[Task requirements]
Each line from the one with "Tacoma, WA 98404" through the last line of the material is to be printed exactly; no other line and no picture belongs in the copy.

[Data]
┄┄┄┄┄┄┄┄┄┄┄┄┄┄┄┄┄┄┄┄

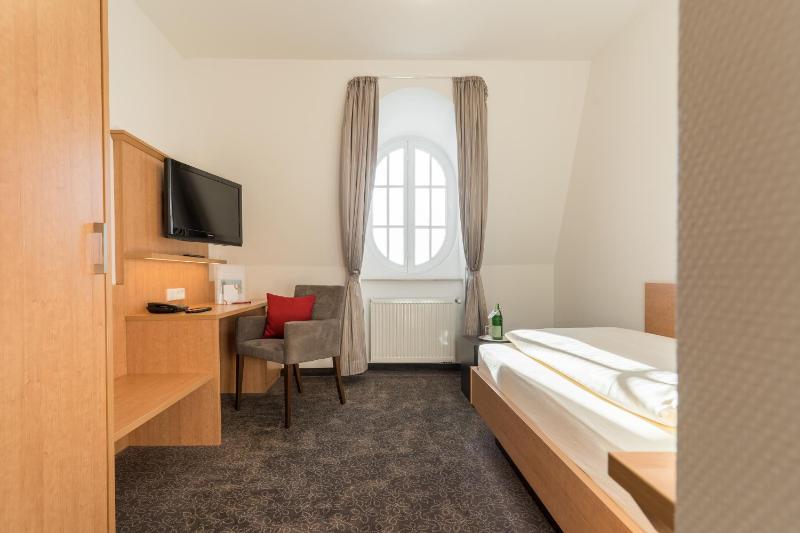 Superior Single Room image 3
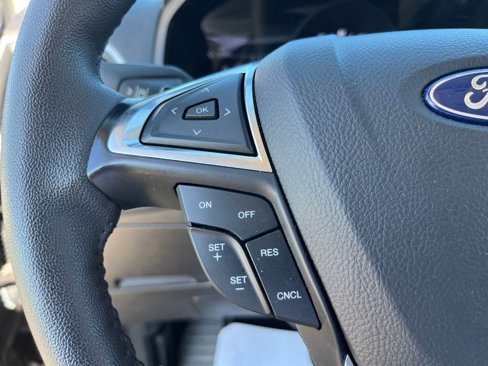 Used 2024 Ford Edge SEL w/ Convenience Package image 28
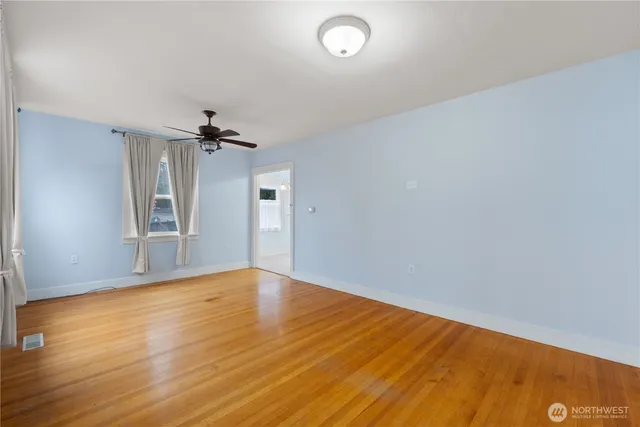 $449,000 | 2814 Pioneer Way East, Tacoma, WA 98404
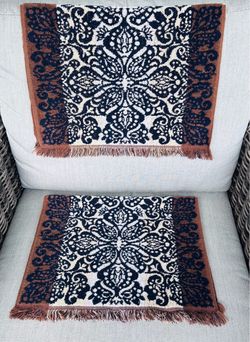 Set 2 Vintage MCM Fieldcrest USA 100 % cotton hand towels 27” x 16 1/2” dark blue, black, tan and cream damask stripe pattern with fringe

┄┄┄┄┄┄┄┄┄┄┄┄┄┄┄┄┄┄┄┄

[Solution for this exercise]
 $449,000 | 2814 Pioneer Way East, Tacoma, WA 98404
 Set 2 Vintage MCM Fieldcrest USA 100 % cotton hand towels 27” x 16 1/2” dark blue, black, tan and cream damask stripe pattern with fringe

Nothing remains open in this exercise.